Sizo : Dès le début, nous avions une vision globale de ce que nous voulions. Irène a longtemps tout géré elle-même : le visuel, le graphisme, les couleurs, les costumes, jusqu’à dessiner les costumes et superviser leur réalisation. On a toujours eu une sorte de contrôle sur notre univers. C’est pour ça qu’il y a cette imagerie forte dans nos morceaux, parce que tout est pensé de manière cohérente.
On dit souvent que les musiques sont de plus en plus courtes, ne dépassant rarement les trois minutes. Pourtant, tous vos titres durent plus longtemps. Comment avez-vous pensé ces créations ?
Irène : Dans la musique techno, les morceaux sont souvent assez longs, autour de sept ou huit minutes. Cela permet de poser une ambiance, de créer un univers. Tout dire en trois minutes, c’est possible, mais je trouve que c’est beau de prendre son temps.
Pour l’artwork, vous avez travaillé avec Ruben Gérard, qui avait déjà créé l’artwork de Hyper Cristal. Était-ce une manière de répondre à l’Irène Drésel de 2019 ?
Irène : Oui, exactement. Ruben a fait la pochette du premier album et celle du troisième. Comme je vois ces trois albums comme un triptyque, c’était une manière de les relier et de clore un cycle. Les trois albums se suivent sans forcément se ressembler, mais forment un ensemble cohérent. J’avais envie de fermer cette boucle. Chaque album a quatorze morceaux, c’est assez symétrique. J’aime quand les choses sont bien organisées.
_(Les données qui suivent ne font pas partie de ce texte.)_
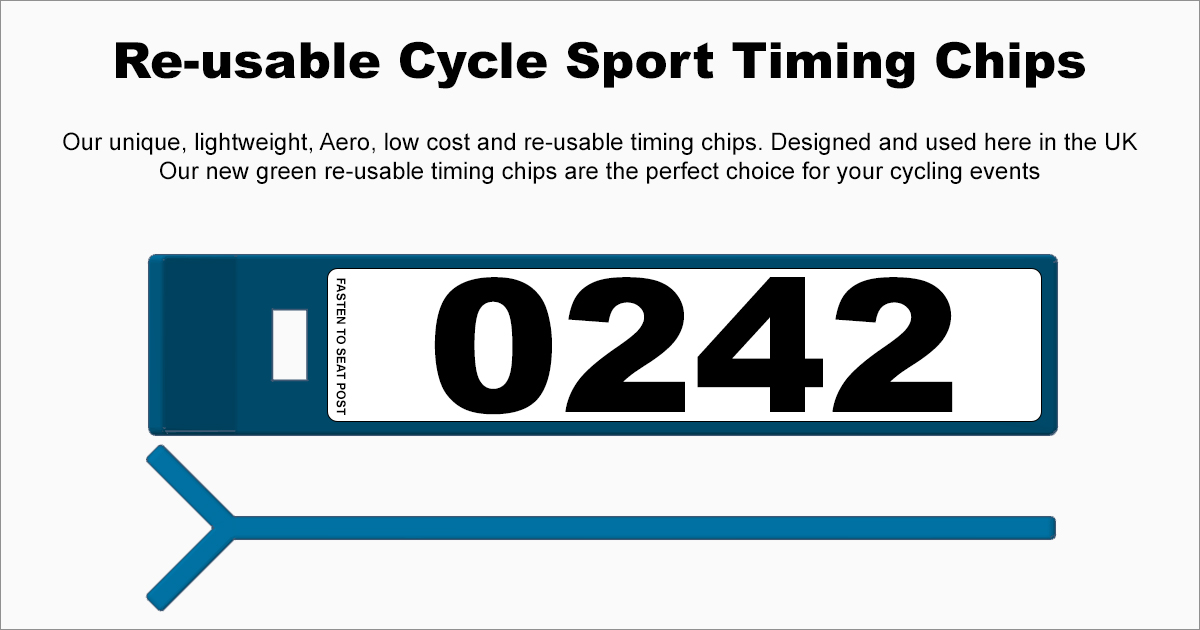 Sustainable Cycle Sportive Timing Chips | Reusable, Durable & Event Ready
Dans votre famille, on écoute beaucoup de musique classique. Qu’est-ce qui vous a attirée vers la musique techno ? Quelle place occupe la musique classique pour vous aujourd’hui ?
Irène : Petite, j’étais au conservatoire, et ma famille, surtout du côté de ma mère, écoute beaucoup de musique classique. Mon père préfère les chansons. J’ai donc grandi avec cet héritage. J’ai aussi fait de la danse classique. Ce que j’aime dans la musique classique, c’est l’absence de paroles, et je pense que c’est ce qui me plaît aussi dans la techno : cette capacité à transporter l’auditeur. Ce sont d’autres fréquences, d’autres émotions, mais je pense que les deux peuvent coexister. J’avais même réalisé un podcast pour Tsugi Radio intitulé Musique Classique VS Musique Techno, où je mettais en parallèle des morceaux des deux genres. C’était un exercice intéressant. J’aime ces deux univers, même s’ils semblent opposés.